Paper No. 8
Presentation Time: 10:30 AM
LOWER PLATE INFLUENCES ON FOLD AND THRUST BELT ARCHITECTURE: LESSONS LEARNED FROM 3-D SEISMIC REFLECTION STUDIES OF THE BARBADOS RIDGE ACCRETIONARY WEDGE
Accretionary wedges and continental fold and thrust belts share common elements of mechanics and architecture. An extensive study of 3-D seismic reflection data, across the toe of the Barbados accretionary wedge, has yielded valuable insights into the important role lower-plate tectonism plays in governing deformation in the overlying prism. Seismic amplitude mapping, within the décollement, reveals laterally heterogeneous structure and fluid compartmentalization.
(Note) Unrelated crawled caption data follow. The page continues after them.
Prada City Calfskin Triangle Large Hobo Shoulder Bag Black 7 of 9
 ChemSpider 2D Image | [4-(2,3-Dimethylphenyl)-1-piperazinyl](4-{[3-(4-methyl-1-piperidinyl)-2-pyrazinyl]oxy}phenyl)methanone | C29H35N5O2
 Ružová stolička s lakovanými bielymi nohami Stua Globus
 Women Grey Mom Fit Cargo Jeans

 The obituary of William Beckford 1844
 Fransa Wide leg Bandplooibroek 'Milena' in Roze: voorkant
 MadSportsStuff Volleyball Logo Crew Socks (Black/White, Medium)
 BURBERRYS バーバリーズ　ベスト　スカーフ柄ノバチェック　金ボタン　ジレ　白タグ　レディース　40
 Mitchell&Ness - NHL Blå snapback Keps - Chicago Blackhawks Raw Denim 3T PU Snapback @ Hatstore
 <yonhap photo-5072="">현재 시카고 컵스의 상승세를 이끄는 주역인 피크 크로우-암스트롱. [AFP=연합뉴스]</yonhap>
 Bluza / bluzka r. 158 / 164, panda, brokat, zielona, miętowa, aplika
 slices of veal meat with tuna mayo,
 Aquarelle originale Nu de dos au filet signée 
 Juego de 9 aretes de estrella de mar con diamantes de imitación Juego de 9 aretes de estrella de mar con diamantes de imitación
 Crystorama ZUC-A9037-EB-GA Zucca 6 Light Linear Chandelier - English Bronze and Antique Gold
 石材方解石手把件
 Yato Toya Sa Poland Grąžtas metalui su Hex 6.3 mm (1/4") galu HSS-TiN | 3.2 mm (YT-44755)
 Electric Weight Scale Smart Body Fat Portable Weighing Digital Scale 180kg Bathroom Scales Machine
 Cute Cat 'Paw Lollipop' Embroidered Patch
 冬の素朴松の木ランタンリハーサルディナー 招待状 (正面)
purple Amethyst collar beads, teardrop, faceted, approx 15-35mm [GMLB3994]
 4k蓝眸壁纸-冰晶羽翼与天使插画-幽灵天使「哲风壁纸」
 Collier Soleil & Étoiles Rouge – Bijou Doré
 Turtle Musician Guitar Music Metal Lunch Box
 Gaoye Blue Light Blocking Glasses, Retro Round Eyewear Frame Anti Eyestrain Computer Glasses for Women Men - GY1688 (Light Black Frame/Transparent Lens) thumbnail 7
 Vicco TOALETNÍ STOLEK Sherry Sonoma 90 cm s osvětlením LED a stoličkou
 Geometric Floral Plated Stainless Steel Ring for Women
Heterogeneity within the décollement zone can be related to structures mapped in the lower plate and readily apparent in 3-D visualizations of the subducted oceanic basement. These structures include a major NE-trending strike-slip fault zone, rooted in the basement and channeling deeply-sourced fluids within the décollement. Differences in the spacing and style of thrusting, within the accretionary wedge, can be related to the fluid content in the décollement. Detailed mapping of near-surface structure in the wedge indicates a change in structural style arcward of the accretionary front. NNE-trending out-of-sequence faults obliquely cut early NS accretionary structures and show a complicated history of coeval compression and extension. The NNE trends mimic relic basement topography and active normal faults mapped at the surface of the incoming oceanic plate. Mapping of the gross structure of the décollement indicates NNE down steps along lower plate normal faults that propagate through the overlying accretionary wedge. The down-steps in the décollement, in turn, localize compression forming thrust ramps that cut the earlier normal faults. Continued normal faulting cuts across the newly formed thrust ramps and perpetuates the cycle. 3-D seismic reflection studies give structural geologists an unparalleled view into the architecture of fold and thrust systems. Across the toe of the Barbados Ridge accretionary wedge this view shows great complexity in style. This complexity underscores the influence of lower plate tectonism on the evolution of the overlying prism. The importance of subdécollement tectonism on fold and thrust systems may be greatly under appreciated. Surface geologic studies must be integrated with adequate subsurface control to fully understand geospatial and temporal relationships within fold and thrust systems.